> Work required
Go to the line containing "Better Homes &" in the material below. From there to the end, retype every line exactly and drop the pictures.

> Given material
--------------------

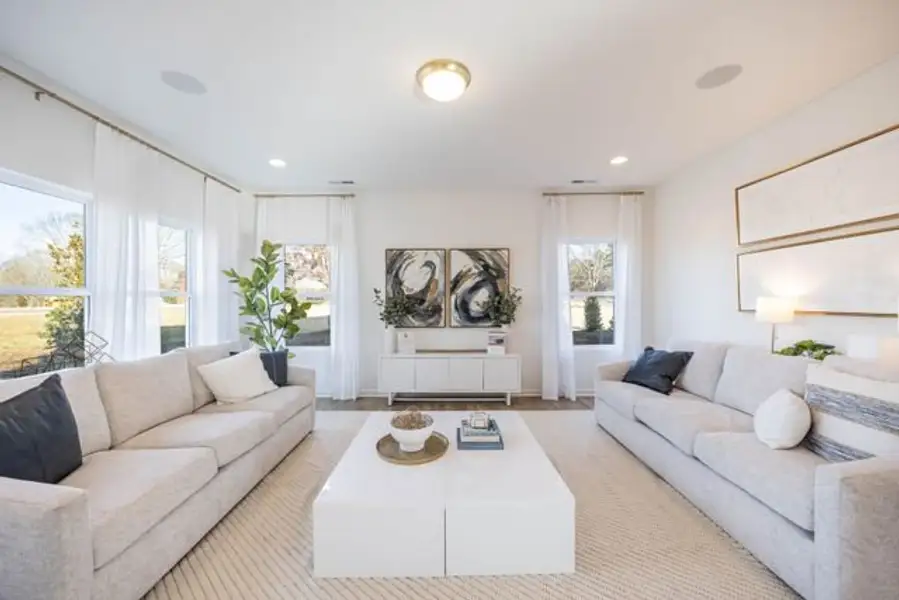 Representative furnished interior of a home built from the Hudson by True Homes in Whispering Hills, Locust (Image 8).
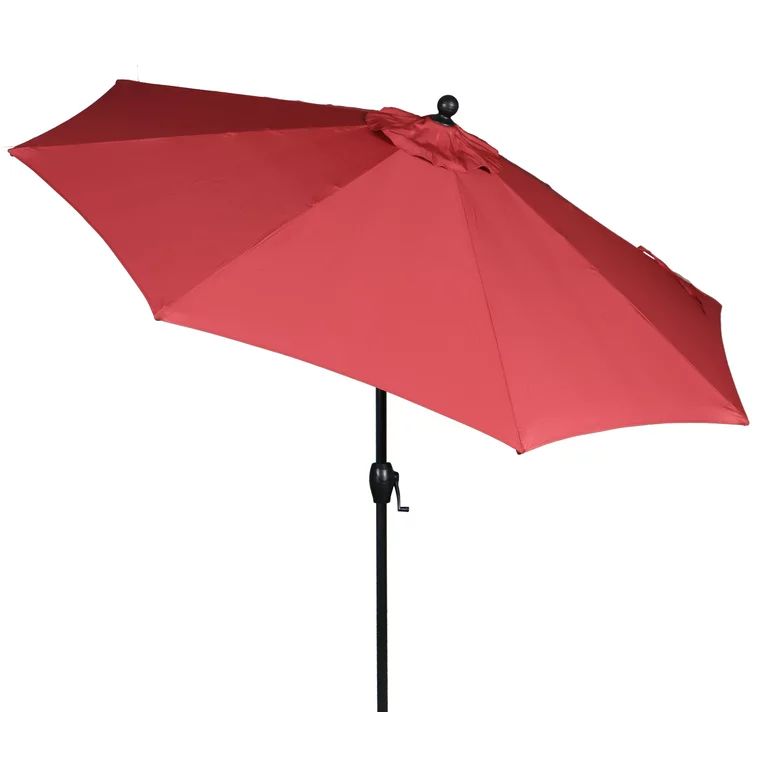 Better Homes & Gardens 9' Premium Patio Umbrella, Red | Walmart (US)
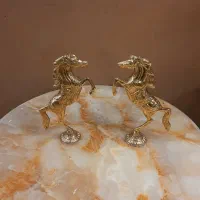 اسب رومیزی زورو جفتی برنز سوگلی|مجسمه، تندیس، ماکت|زنجان, |دیوار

--------------------

> Response for this exercise
 Better Homes & Gardens 9' Premium Patio Umbrella, Red | Walmart (US)
 اسب رومیزی زورو جفتی برنز سوگلی|مجسمه، تندیس، ماکت|زنجان, |دیوار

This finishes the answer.